Nous nous sommes entretenus à Cannes il y a quelques mois. Depuis, il y a eu des élections où l’extrême droite n’a pas gagné, que ce soit en Espagne, en Pologne et au premier tour en Argentine. Cela nous donne-t-il un peu d’espoir?

Paul Laverty : Oui, mais il s’en est fallu de peu qu’ils gagnent. En Argentine, il reste encore le deuxième tour, alors croisons les doigts. Et n’oublions pas qu’en Pologne, c’est l’extrême droite qui a obtenu le plus de voix, mais elle n’a pas obtenu la majorité absolue, donc le danger est toujours là. Ken et moi revenons de Paris, où les gens ont très peur de l’extrême droite. Lors des prochaines élections,le RN pourrait l’emporter. La police a été extrêmement violente.
nous regardons également l’Espagne avec beaucoup de crainte. L’extrême droite est aujourd’hui associée au PP dans de nombreuses administrations, et c’est un parti qui nie le changement climatique, qui pense que c’est une propagande de gauche, une invention, allant à l’encontre du consensus de 99% des meilleurs scientifiques de notre monde. Et ils le font ici, en Espagne, avec tous les incendies qui se produisent. Comment cela peut-il se produire? Nous devons essayer de démêler cet écheveau et c’est ce que nous essayons de faire avec ce film. La colère et la rage sont légitimes. Dans notre film, on voit des gens désespérés. La question est de savoir si nous blâmons les vrais responsables. Les gens sont en colère et furieux, mais si nous blâmons les immigrants, cela ne résoudra rien.

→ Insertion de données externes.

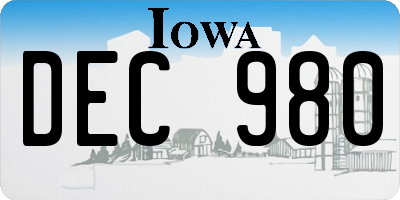 IA license plate DEC980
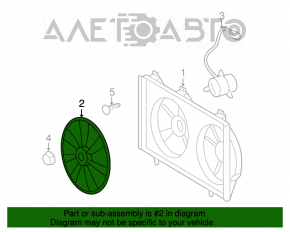 Paletele ventilatorului de răcire drept al Toyota Camry v40 2.4 cu 7 paleți.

KLh: Ajoutons une chose. La droite doit bien sûr être vaincue, mais je pense que la grande question est: quel est le leadership de la gauche? Nous ne voulons pas d’un leadership qui se contente de rafistoler les choses. Le système est pourri. La gauche doit remettre en question l’ensemble de la structure économique, la réformer pour qu’elle fonctionne au profit de la classe ouvrière. Il s’agira d’une véritable démocratie économique dans laquelle nous posséderons les secteurs stratégiques de l’économie. Nous pourrons alors planifier les choses et ce n’est qu’à ce moment-là que nous pourrons résoudre le problème du changement climatique et des guerres. Les guerres sont causées par la concurrence économique. Nous ne pouvons résoudre ce problème que si nous planifions, et nous ne pouvons pas planifier ce que nous n’avons pas. C’est pourquoi nous avons besoin d’un leader radical de gauche. Sans cela, nous aurons un leadership social-démocrate. Il faut un leader radical, osons le dire, révolutionnaire pour la gauche, sinon elle échouera.

Il est inévitable de les interroger sur la situation à Gaza. Nous parlions d’espoir, est-ce que les gens là-bas peuvent avoir de l’espoir?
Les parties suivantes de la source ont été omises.